Hence a site called "Blue Widgets Today" finds it harder to rank for the term "blue widgets" because of the above factors and penalty issues but a site called "Blue GoGo" thats not so on topic rises higher for the term "Blue Widgets" because it doesnt have penalties.
The laugh of all this is that G once said, build sites for users not search engines - The reality now following these changes is that webmasters now have to look even closer at their sites and adjust them if they want to rank in Google
In order of relavancy its now, Bing & yahoo before G unless its a very long tail search
As more and more people start finding they can't locate easily what their looking for on the first page anymore, they are going to use an engine that gives them just that. Kind of like Google did a few years ago.
In trying to make their sauce the best, Google has over thought it to the point of breaking it. Their thinking is that when a person searches for "blue widgets" they really don't want a site about blue widgets and istead show them sites about "purple blue small widgets". Trying to think for the user, is Googles biggest downfall because most user's don't think like a room full of overpaid PHD types.
Inbound links are and will always be part of the equation.

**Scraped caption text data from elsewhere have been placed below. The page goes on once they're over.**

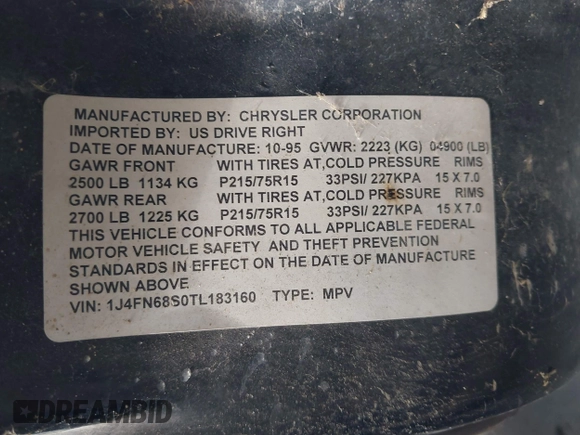 1996 Jeep Cherokee с VIN 1J4FN68S0TL183160, выставлен на аукционе IAAI как лот 42632999 с пробегом 270 668 миль миль и . История ставок и продаж доступна на DreamBid. Изображение 9.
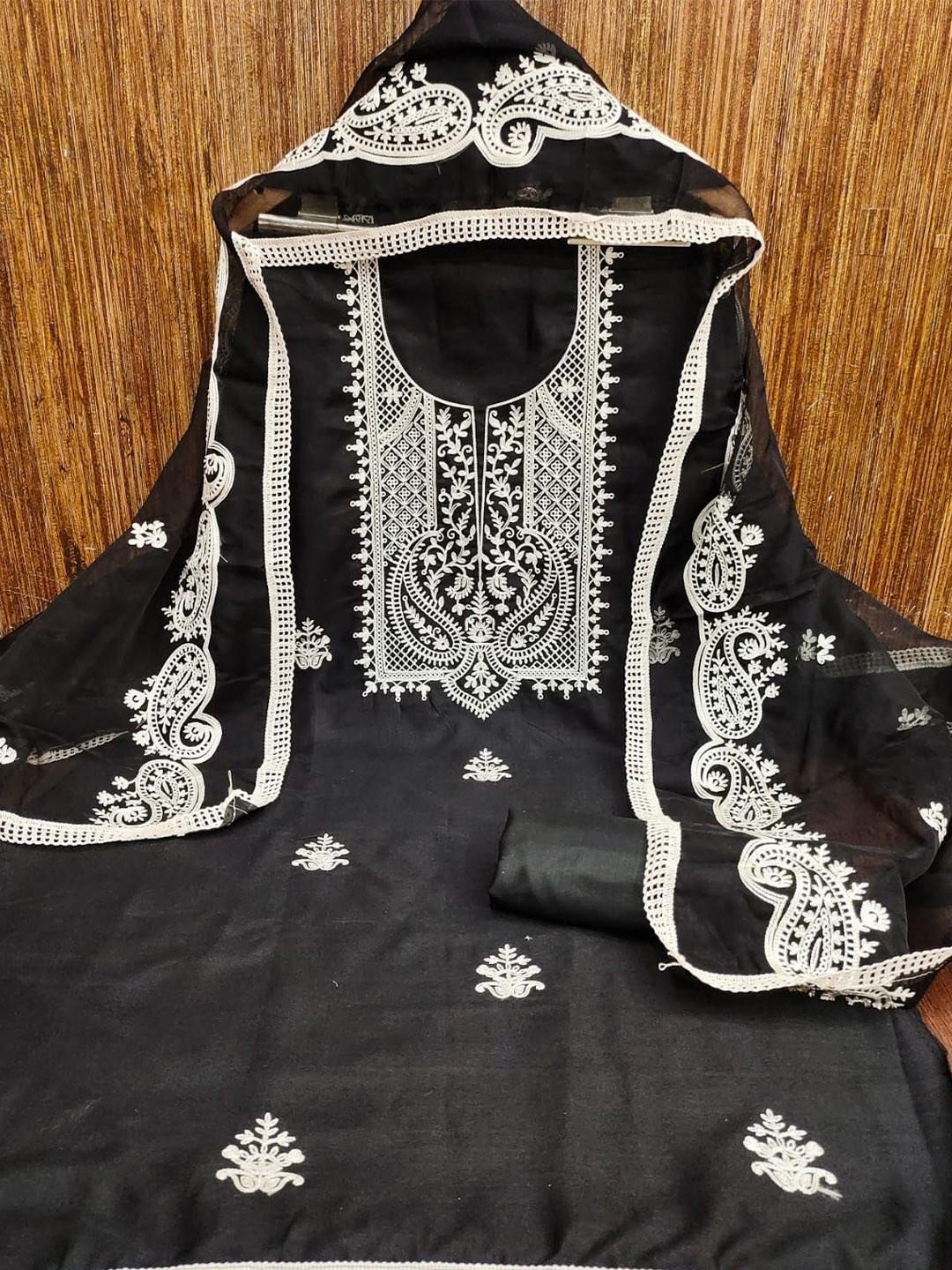 

mimi design Ethnic Motifs Embroidered Unstitched Dress Material, Black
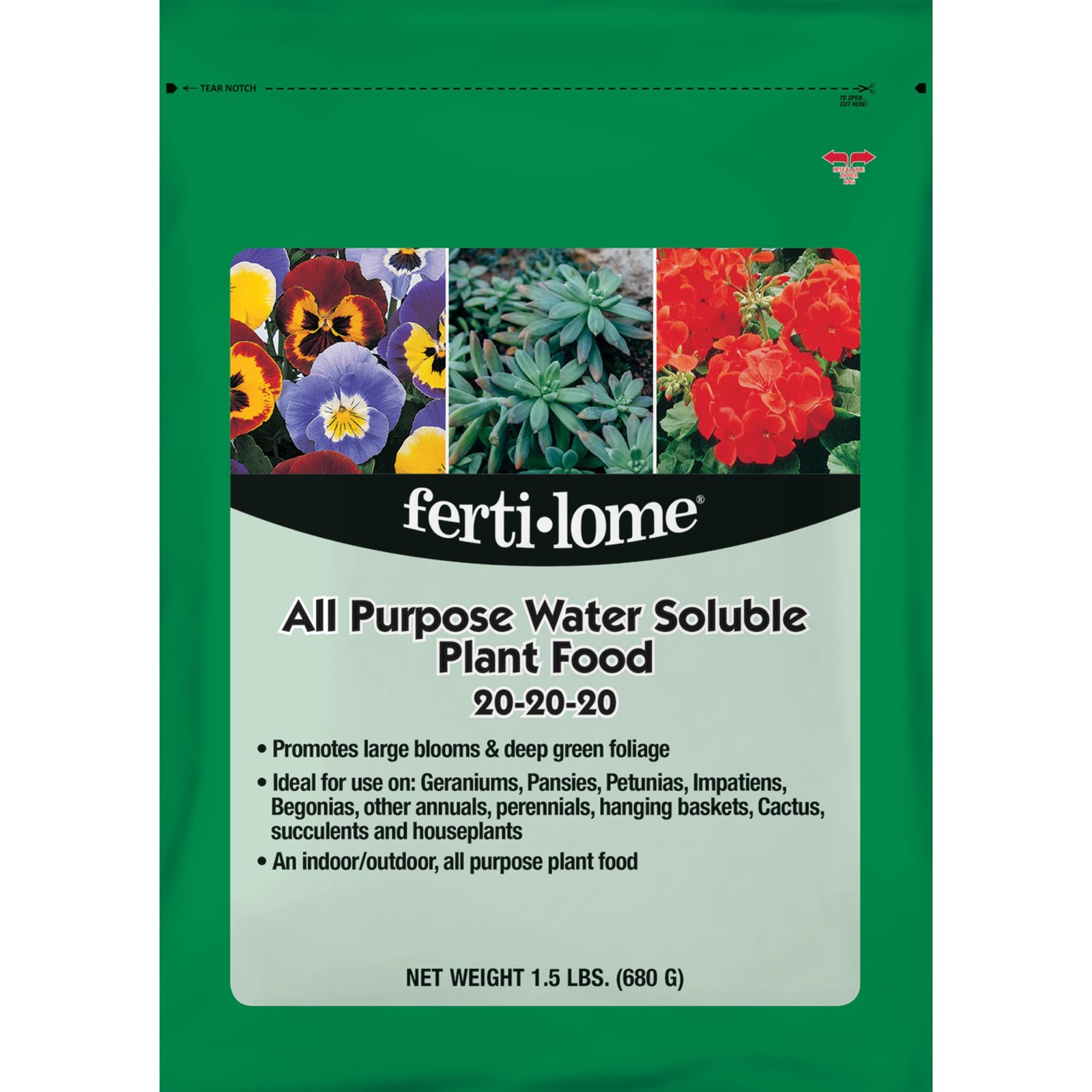 Fertilome (11721) All Purpose Water Soluble Plant Food 20-20-20 (1.5 Lb.)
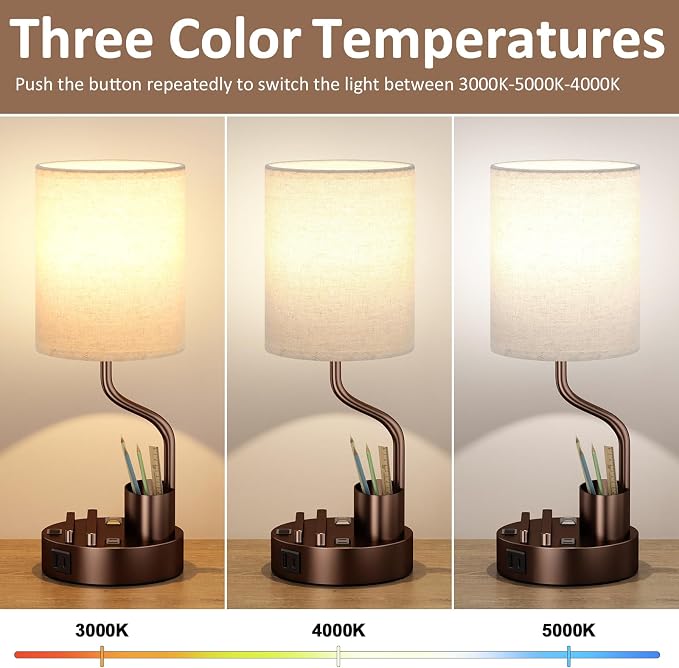 Fenmzee Bedside Lamps for Bedroom Set of 2 - Table Desk Lamp for Nightstand | 15" Table Lamp for Living Room with Pen Holder & Phone Stand, USB A+C Port, AC Outlet, 3 Color Temperature, LED Bulb Included
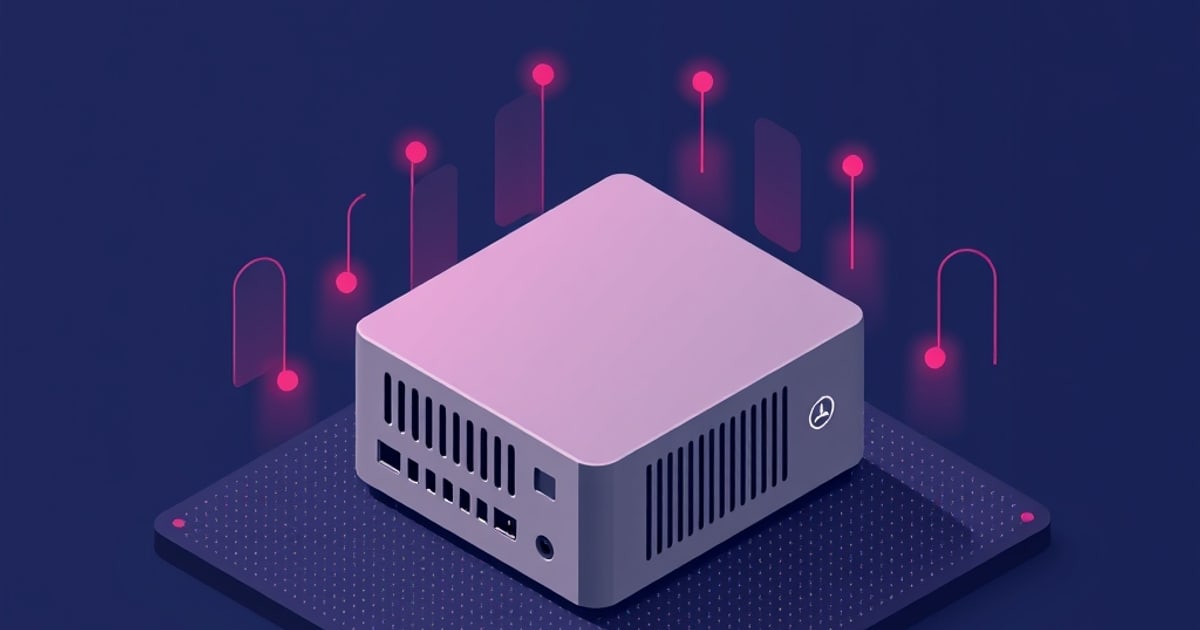 Isometric illustration of a compact fanless mini PC showing its rear port array, ringed by glowing indicators, representing a small router build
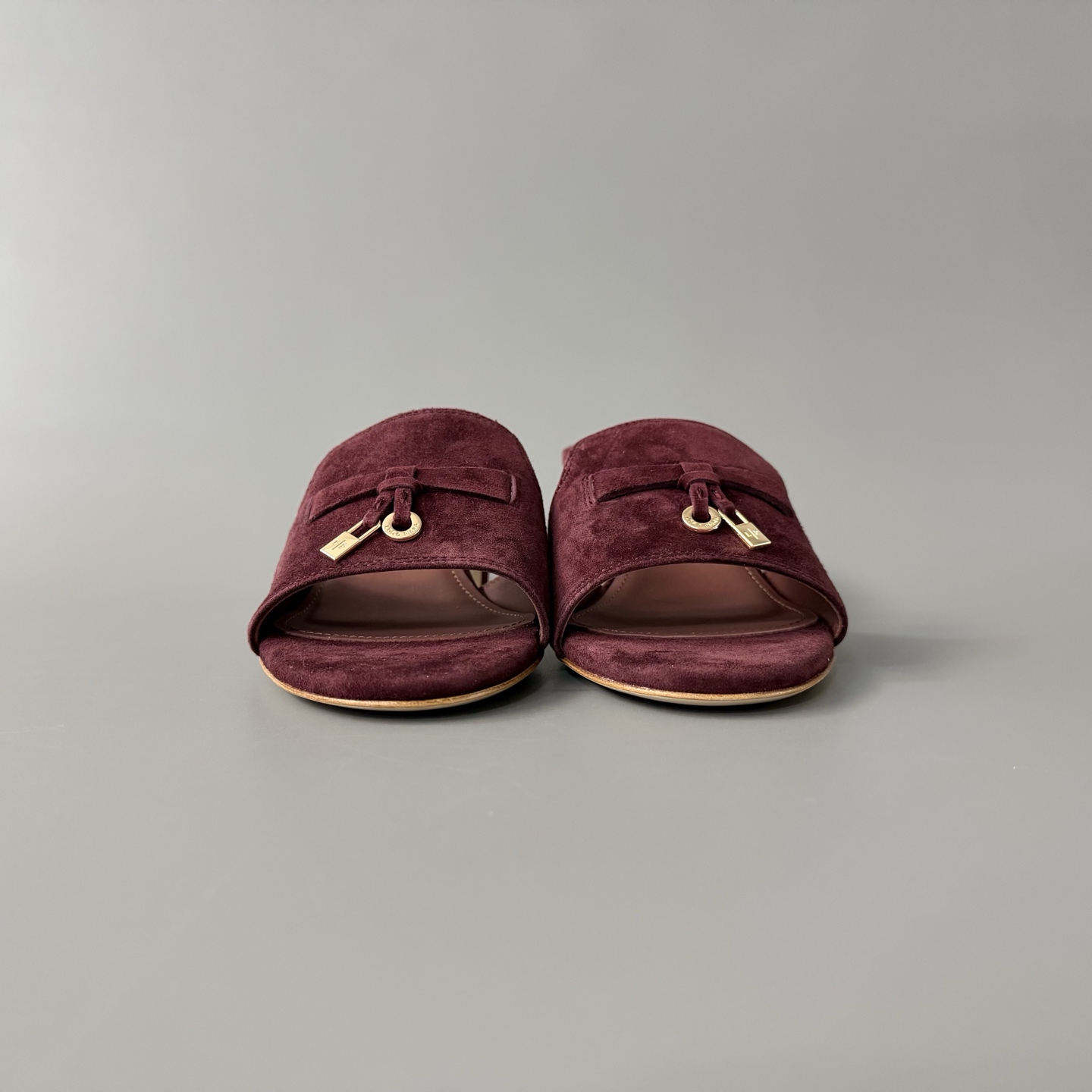 Women's LP Loro Piana SummerCharms 5.5cm Open-Toe Slip-On Slides with Pendant Detail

But let's face it, if Google can better determine, without inbound links, WHO your website should cater to best by analyzing user behavior for given search phrases based on your domain history, then they are one step closer to relying less on links, which are of course very easy to manipulate.
It would seem to me that as the Internet expands at a large rate, and each keyword becomes more and more competitive, the best direction to go would be better understanding the actual meaning of keywords by crunching data numbers, then comparing to website performance historically.
Any thoughts?
WHO your website should cater to best by analyzing user behavior for given search phrases based on your domain historyI think that is the direction a group of PHDs sitting around a room would go. How are they going to monitor user behavior once clicked through to the site? Unless the user has the toolbar, as far as I know, they can't, so then their search results are based on users behavior that uses a toolbar and I'm pretty sure the number of users who use Googles toolbar is not representative of the number of users that use Google.
If that is what they are going for, then while it all sounds good in theory, it's not going to work and if the results I'm seeing for the stuff I search on are the results of that, then Google will not be the top search engine for long.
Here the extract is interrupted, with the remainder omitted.